Exercise description: Every line from the line containing "Hey everyone, Mr." through the final line below is to be repeated exactly; no other line is.
___ Data ___
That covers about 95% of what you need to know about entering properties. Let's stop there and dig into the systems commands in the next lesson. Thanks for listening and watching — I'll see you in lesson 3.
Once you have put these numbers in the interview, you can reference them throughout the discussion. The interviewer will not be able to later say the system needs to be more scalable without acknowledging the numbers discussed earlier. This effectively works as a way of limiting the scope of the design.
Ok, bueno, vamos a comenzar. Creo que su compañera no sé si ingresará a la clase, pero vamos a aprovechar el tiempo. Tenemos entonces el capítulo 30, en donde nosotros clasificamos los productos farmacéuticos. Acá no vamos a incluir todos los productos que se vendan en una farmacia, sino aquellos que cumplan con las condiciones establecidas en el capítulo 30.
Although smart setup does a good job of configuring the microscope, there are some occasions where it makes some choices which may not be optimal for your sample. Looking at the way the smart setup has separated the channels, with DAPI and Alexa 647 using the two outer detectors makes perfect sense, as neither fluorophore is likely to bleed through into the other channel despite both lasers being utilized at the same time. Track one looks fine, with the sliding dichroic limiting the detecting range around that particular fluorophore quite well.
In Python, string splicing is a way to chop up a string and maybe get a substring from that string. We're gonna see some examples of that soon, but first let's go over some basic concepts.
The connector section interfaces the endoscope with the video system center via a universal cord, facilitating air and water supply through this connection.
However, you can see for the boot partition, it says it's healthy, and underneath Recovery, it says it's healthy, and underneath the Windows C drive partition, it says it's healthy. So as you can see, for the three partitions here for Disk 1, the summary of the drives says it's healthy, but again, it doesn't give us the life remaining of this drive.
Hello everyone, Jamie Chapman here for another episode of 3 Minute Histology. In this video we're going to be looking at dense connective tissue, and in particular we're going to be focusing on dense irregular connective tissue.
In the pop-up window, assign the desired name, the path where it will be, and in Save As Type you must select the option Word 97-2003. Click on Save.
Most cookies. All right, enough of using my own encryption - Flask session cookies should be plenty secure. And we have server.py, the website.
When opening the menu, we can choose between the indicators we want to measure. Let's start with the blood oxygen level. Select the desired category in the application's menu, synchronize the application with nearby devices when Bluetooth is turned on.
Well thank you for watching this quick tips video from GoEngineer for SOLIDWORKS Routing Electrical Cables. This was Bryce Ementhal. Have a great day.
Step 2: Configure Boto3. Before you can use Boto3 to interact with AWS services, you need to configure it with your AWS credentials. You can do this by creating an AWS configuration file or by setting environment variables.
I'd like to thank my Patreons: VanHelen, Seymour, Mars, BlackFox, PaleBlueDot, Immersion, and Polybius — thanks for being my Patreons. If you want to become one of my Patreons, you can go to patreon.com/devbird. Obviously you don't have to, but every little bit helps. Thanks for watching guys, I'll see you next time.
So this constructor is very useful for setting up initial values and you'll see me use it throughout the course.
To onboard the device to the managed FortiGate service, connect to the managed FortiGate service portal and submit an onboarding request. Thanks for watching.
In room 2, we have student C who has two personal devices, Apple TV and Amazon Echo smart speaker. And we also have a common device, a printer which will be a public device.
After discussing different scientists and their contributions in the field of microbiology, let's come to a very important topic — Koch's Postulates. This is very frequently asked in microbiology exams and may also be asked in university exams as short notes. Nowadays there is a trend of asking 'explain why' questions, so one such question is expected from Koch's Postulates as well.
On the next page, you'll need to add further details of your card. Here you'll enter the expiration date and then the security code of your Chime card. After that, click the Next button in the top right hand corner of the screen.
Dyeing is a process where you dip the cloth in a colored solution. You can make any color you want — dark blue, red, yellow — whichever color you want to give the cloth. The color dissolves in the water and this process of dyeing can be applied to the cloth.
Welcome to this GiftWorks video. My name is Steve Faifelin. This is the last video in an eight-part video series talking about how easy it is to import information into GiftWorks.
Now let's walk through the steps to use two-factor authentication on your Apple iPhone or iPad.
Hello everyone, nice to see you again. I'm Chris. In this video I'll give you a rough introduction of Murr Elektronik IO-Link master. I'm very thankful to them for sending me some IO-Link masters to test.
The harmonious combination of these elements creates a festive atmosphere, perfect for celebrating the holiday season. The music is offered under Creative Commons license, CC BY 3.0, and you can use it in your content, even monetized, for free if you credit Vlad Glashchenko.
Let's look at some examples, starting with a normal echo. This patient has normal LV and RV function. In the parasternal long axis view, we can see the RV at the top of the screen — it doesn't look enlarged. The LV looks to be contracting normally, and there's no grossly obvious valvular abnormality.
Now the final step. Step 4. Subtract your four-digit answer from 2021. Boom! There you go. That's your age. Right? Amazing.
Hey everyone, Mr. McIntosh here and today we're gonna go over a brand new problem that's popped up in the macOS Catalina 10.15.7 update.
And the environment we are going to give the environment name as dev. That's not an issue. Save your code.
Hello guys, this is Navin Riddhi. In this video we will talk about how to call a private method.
___
Answer to this task:
Hey everyone, Mr. McIntosh here and today we're gonna go over a brand new problem that's popped up in the macOS Catalina 10.15.7 update.
And the environment we are going to give the environment name as dev. That's not an issue. Save your code.
Hello guys, this is Navin Riddhi. In this video we will talk about how to call a private method.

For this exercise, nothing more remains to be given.